Down in the basement of the Chapel hanging on the wall, his face was one of a hundred young faces of the Class of 1907, filled far more with the look of heavenly inspiration than with worldly aspiration. He was a handsome young man in a starched white collar and black tie sort of way, the definition of dashing in that era of holiness that seemed so long go.. And as I gazed into his eyes, I could see the fire of holy calling gazing back at me. The visage of the young E. Stanley Jones, the young man who had followed a voice into life of mission work in India, now conversed with me face to face. “Young man, you hear it too, do you not?”
I was first reluctant to answer; then I was afraid to answer; but, in the end, I was compelled to answer. “Yes, E. Stanley, I have heard that call to serve the poor who huddle the streets of India.”
“I know,” he whispered, I presume through some ministry of the Spirit. “But E. Stanley, the voice it tells me that it is not for their sake that I am to go, but more for my own.”
“I understand, young man, as one day you will understand one day down the road a ways.”
“I have read your books.”
“I know. Give thanks for when I echoed the voice of God; forgive me when I was too filled with my own. Be sure to read far more than me. Any one of us can only catch snippets of God’s truth, here and there. But put them altogether and we can gain a deeper understanding. The Spirit does work that way, you know. And it just may be that one day you will have words to write on His behalf.”
“I hope so, E. Stanley. No, I do more than that, I pray so.”
“And do keep praying young man, every moment, every mile.

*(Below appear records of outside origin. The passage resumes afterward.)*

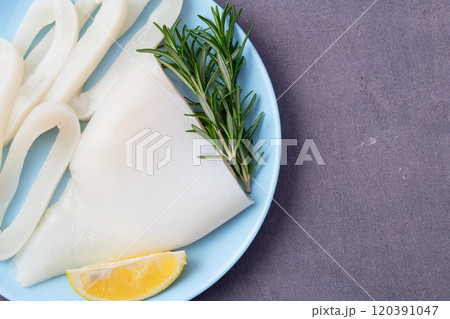 Squid tube and ring photography . Seafood top view 120391047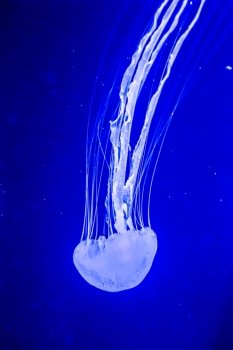 Chrysaora fuscescens is a common free-floating scyphozoa that lives in the Pacific Ocean, and is commonly known as the Pacific Sea Nettle or West Coast Sea Nettle. Jellyfish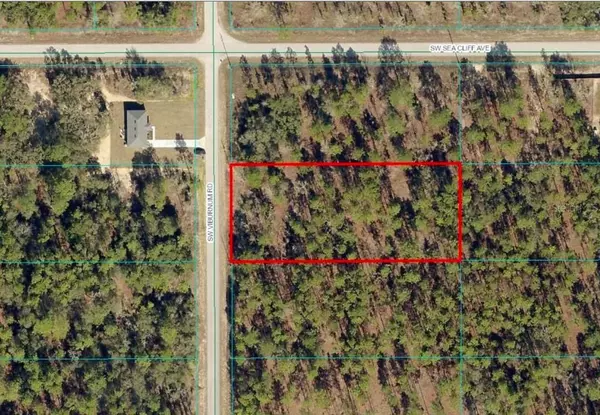 Dunnellon, FL 34431,TBD LOT 39 SW VIBEURNUM RD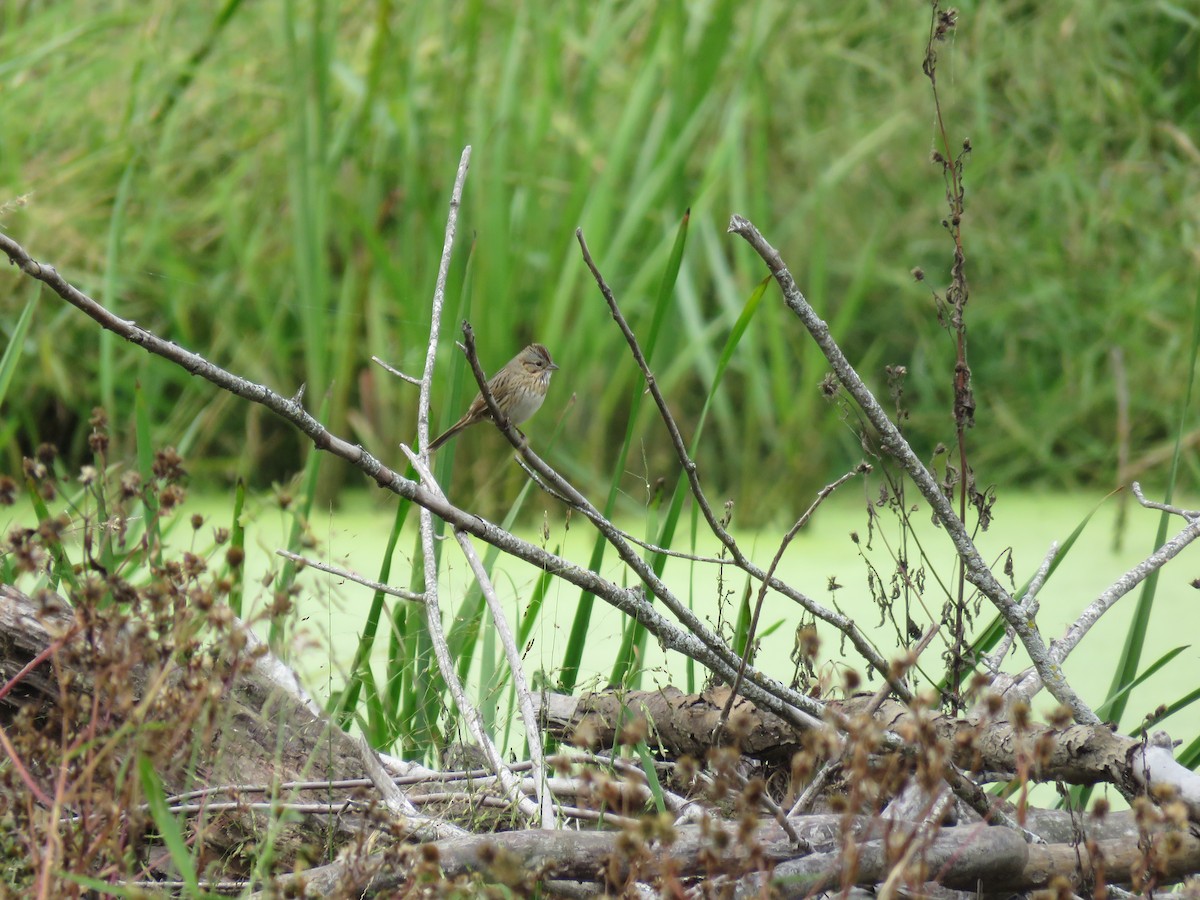 Lincoln's Sparrow - ML609726287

And know that we will always be praying for you and for those who wait, every moment, every mile.”
“E. Stanley, do you have any wisdom to set me on my way?”
“If I were you and you were me, what counsel would you bring to my soul?”
I was slow to answer for fear of answering tritely, but E. Stanley listened on patiently. Then I dared offered what finally came to mind, “Love God and love your people.”
I felt as if the young man in the fading photograph smiled at me the smile of gentle peace. And then when my words had lost the last vestige of their echo, he spoke but two more words. “India awaits.”
And now after all these moments and after all these miles, I too am a fading photograph in the basement of the Chapel watching young men and women go walking by.